Archaeologists use the help of a wide range of physical sciences in determining ages.
This can include a variety of radiometric dating techniques, but there is a lot more.
Stratigraphy, that is, soil layers, can be a great dating tool as well. Some events show up quite clearly in soils. For example, in the Pacific Northwest ash from the Mt. Mazama eruption ca. 7,000 years ago shows up clearly in a lot of sites. Layers above that ash are <7,000 years old while laters below that ash are >7,000 years. That is just one very simple example.
Pollen is another tool. Over time as climates change, so do the vegetation communities. Examining pollen can help to establish general ages. In some cases pollen can be radiocarbon dated, providing more precise ages.
Cultural sites can be dated by artifacts and other time stratigraphic markers. Time stratigraphic markers? Here's an example: back about 40-50 years ago beer and soda cans had pull tabs, and they were made of aluminum. People pulled them and discarded them by the millions. In a few thousand years those pull tabs will be a perfect time stratigraphic marker as they are very durable, very widespread, and lasted for a very short time. Archaeologists use various stone, bone, and shell tools--and occasionally other items--in much the same way to establish dates.

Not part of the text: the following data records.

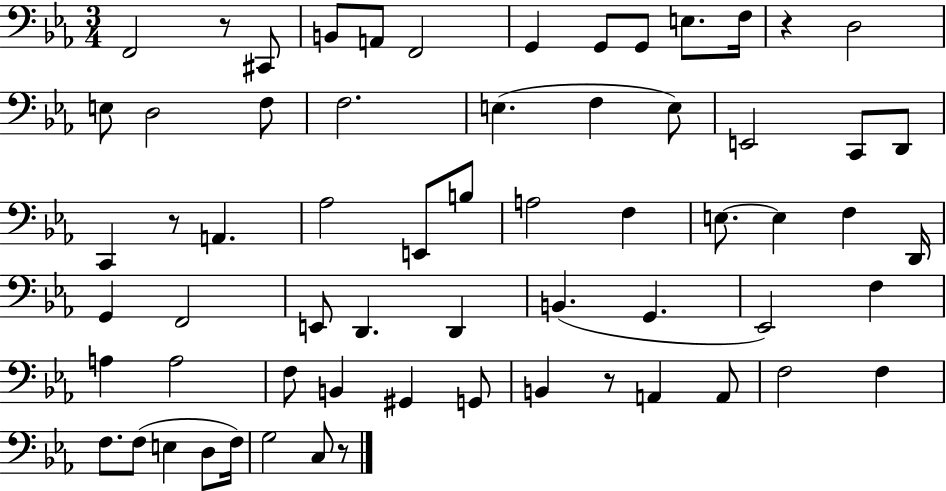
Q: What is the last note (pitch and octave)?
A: C3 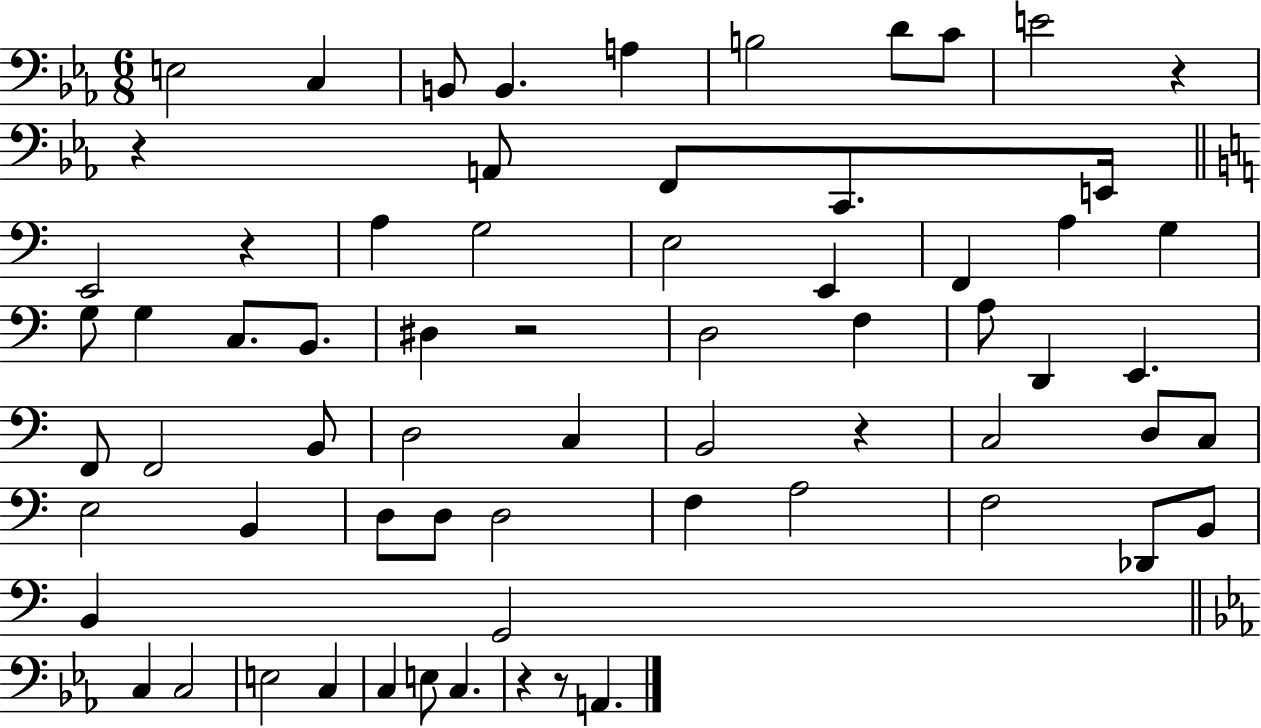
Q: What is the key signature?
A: EES major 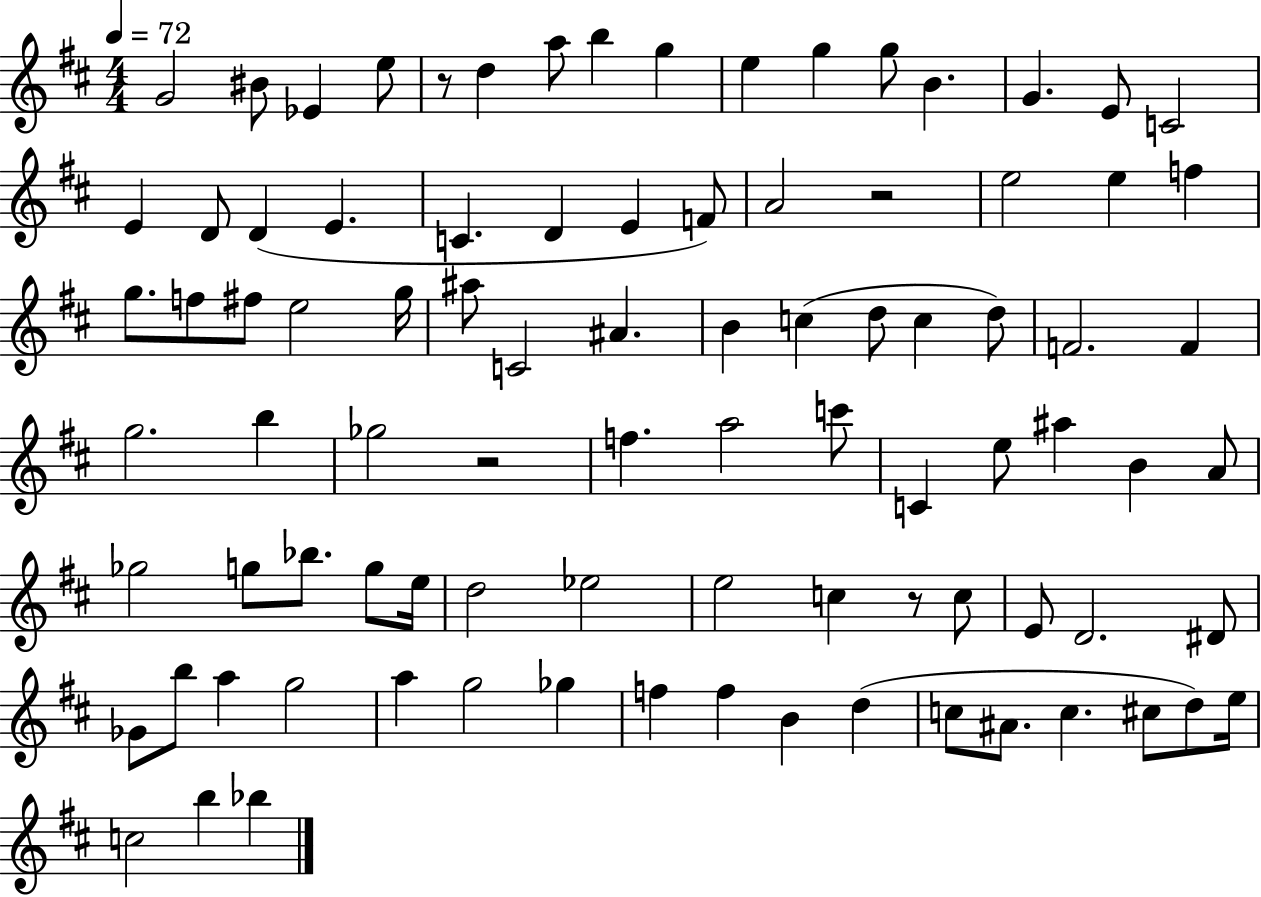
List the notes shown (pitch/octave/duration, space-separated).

G4/h BIS4/e Eb4/q E5/e R/e D5/q A5/e B5/q G5/q E5/q G5/q G5/e B4/q. G4/q. E4/e C4/h E4/q D4/e D4/q E4/q. C4/q. D4/q E4/q F4/e A4/h R/h E5/h E5/q F5/q G5/e. F5/e F#5/e E5/h G5/s A#5/e C4/h A#4/q. B4/q C5/q D5/e C5/q D5/e F4/h. F4/q G5/h. B5/q Gb5/h R/h F5/q. A5/h C6/e C4/q E5/e A#5/q B4/q A4/e Gb5/h G5/e Bb5/e. G5/e E5/s D5/h Eb5/h E5/h C5/q R/e C5/e E4/e D4/h. D#4/e Gb4/e B5/e A5/q G5/h A5/q G5/h Gb5/q F5/q F5/q B4/q D5/q C5/e A#4/e. C5/q. C#5/e D5/e E5/s C5/h B5/q Bb5/q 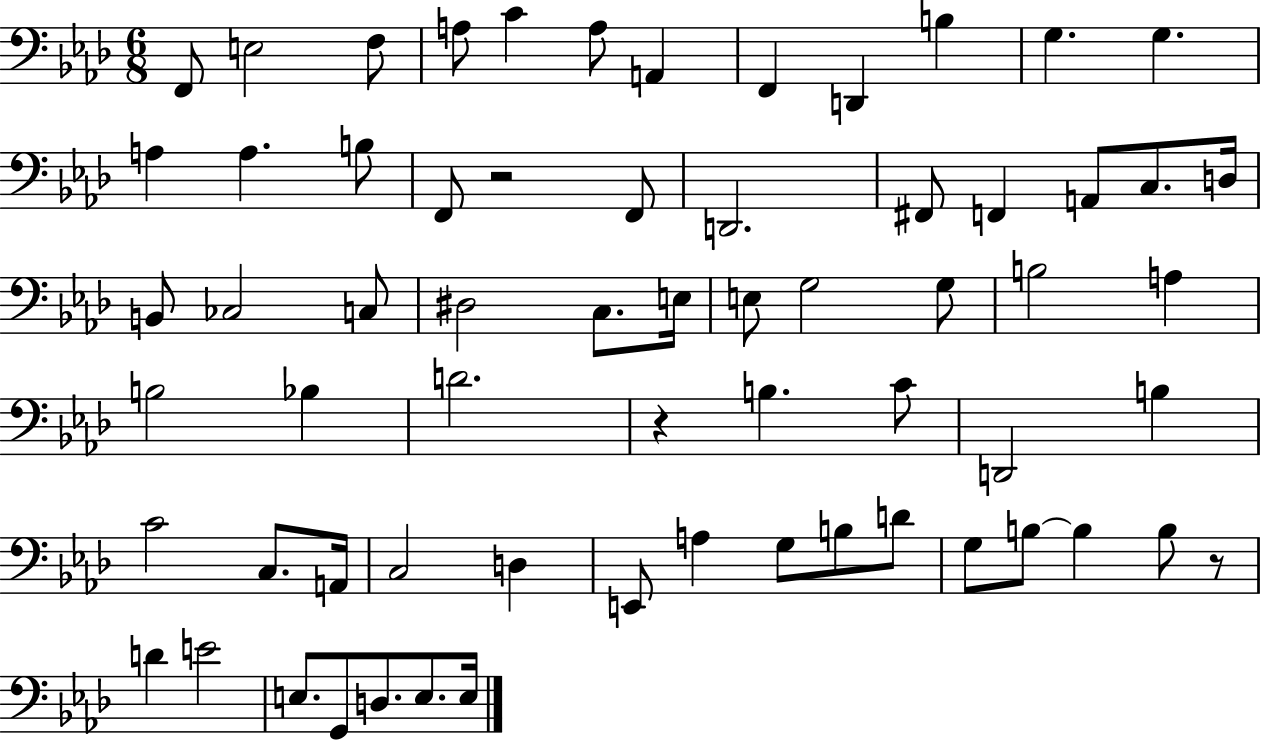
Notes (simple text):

F2/e E3/h F3/e A3/e C4/q A3/e A2/q F2/q D2/q B3/q G3/q. G3/q. A3/q A3/q. B3/e F2/e R/h F2/e D2/h. F#2/e F2/q A2/e C3/e. D3/s B2/e CES3/h C3/e D#3/h C3/e. E3/s E3/e G3/h G3/e B3/h A3/q B3/h Bb3/q D4/h. R/q B3/q. C4/e D2/h B3/q C4/h C3/e. A2/s C3/h D3/q E2/e A3/q G3/e B3/e D4/e G3/e B3/e B3/q B3/e R/e D4/q E4/h E3/e. G2/e D3/e. E3/e. E3/s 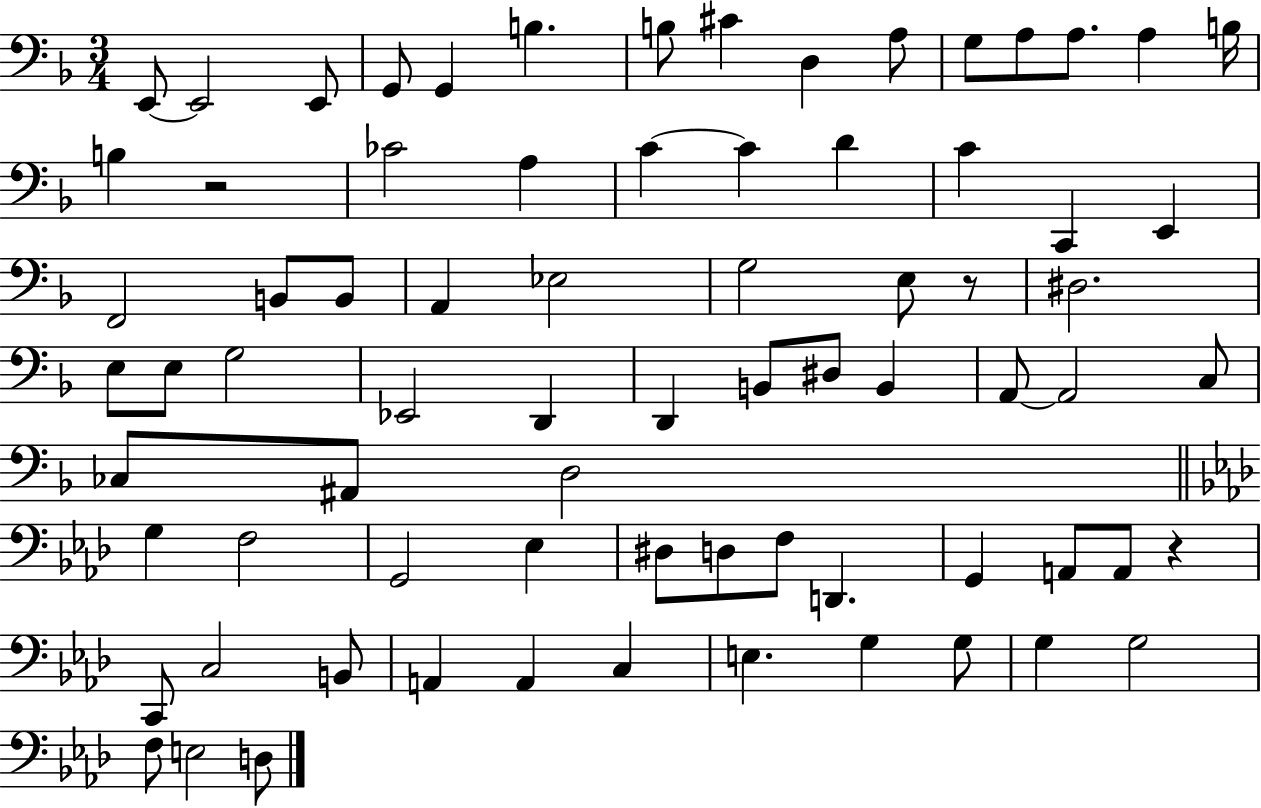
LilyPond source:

{
  \clef bass
  \numericTimeSignature
  \time 3/4
  \key f \major
  e,8~~ e,2 e,8 | g,8 g,4 b4. | b8 cis'4 d4 a8 | g8 a8 a8. a4 b16 | \break b4 r2 | ces'2 a4 | c'4~~ c'4 d'4 | c'4 c,4 e,4 | \break f,2 b,8 b,8 | a,4 ees2 | g2 e8 r8 | dis2. | \break e8 e8 g2 | ees,2 d,4 | d,4 b,8 dis8 b,4 | a,8~~ a,2 c8 | \break ces8 ais,8 d2 | \bar "||" \break \key aes \major g4 f2 | g,2 ees4 | dis8 d8 f8 d,4. | g,4 a,8 a,8 r4 | \break c,8 c2 b,8 | a,4 a,4 c4 | e4. g4 g8 | g4 g2 | \break f8 e2 d8 | \bar "|."
} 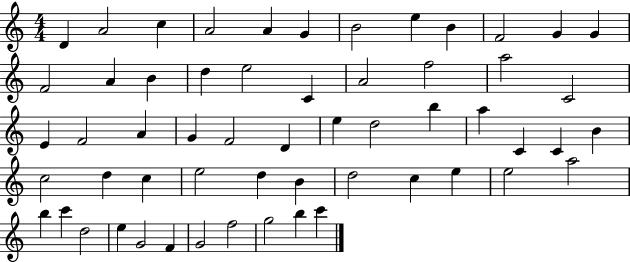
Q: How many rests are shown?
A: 0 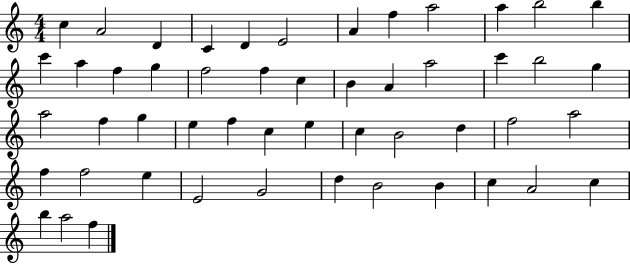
X:1
T:Untitled
M:4/4
L:1/4
K:C
c A2 D C D E2 A f a2 a b2 b c' a f g f2 f c B A a2 c' b2 g a2 f g e f c e c B2 d f2 a2 f f2 e E2 G2 d B2 B c A2 c b a2 f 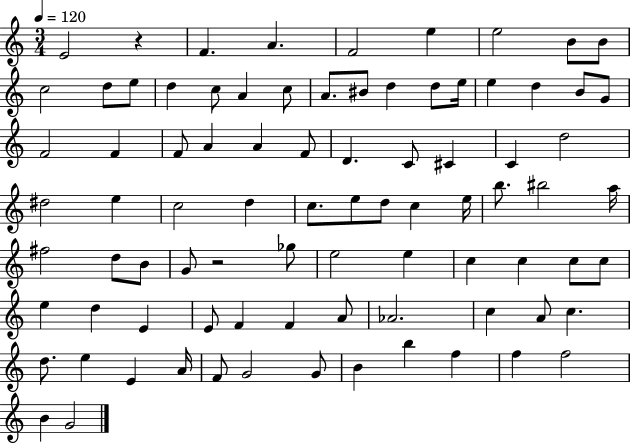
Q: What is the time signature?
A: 3/4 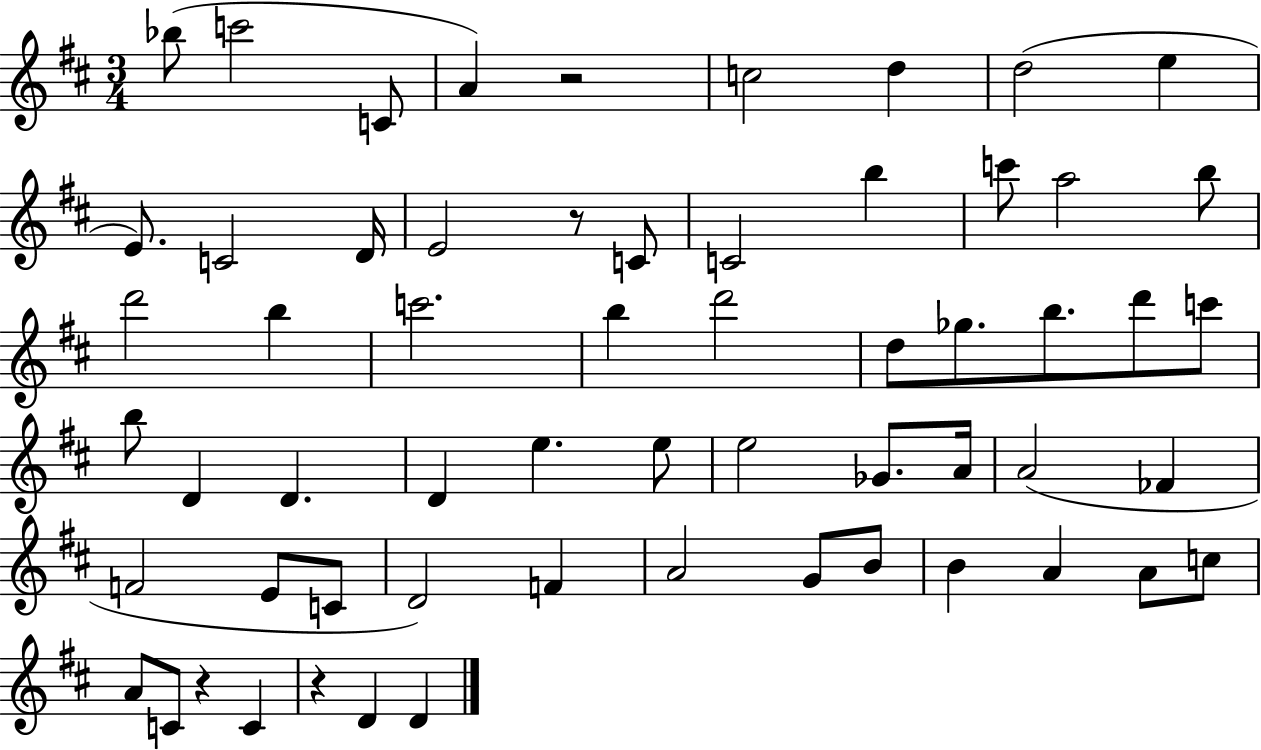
Bb5/e C6/h C4/e A4/q R/h C5/h D5/q D5/h E5/q E4/e. C4/h D4/s E4/h R/e C4/e C4/h B5/q C6/e A5/h B5/e D6/h B5/q C6/h. B5/q D6/h D5/e Gb5/e. B5/e. D6/e C6/e B5/e D4/q D4/q. D4/q E5/q. E5/e E5/h Gb4/e. A4/s A4/h FES4/q F4/h E4/e C4/e D4/h F4/q A4/h G4/e B4/e B4/q A4/q A4/e C5/e A4/e C4/e R/q C4/q R/q D4/q D4/q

Here's another example; the Piltdown fossil find was originally thought to be real, but it was finally disproved by a type of dating that showed that different pieces were of considerably different ages. That method didn't establish a precise age, but did show that the various pieces were of different ages. That's called relative dating.
There are a lot of books, and a lot of good articles you can find on the web if you avoid the creationist sites. And we have several experts here on EvC who can probably answer any specific questions you might have.
Religious belief does not constitute scientific evidence, nor does it convey scientific knowledge.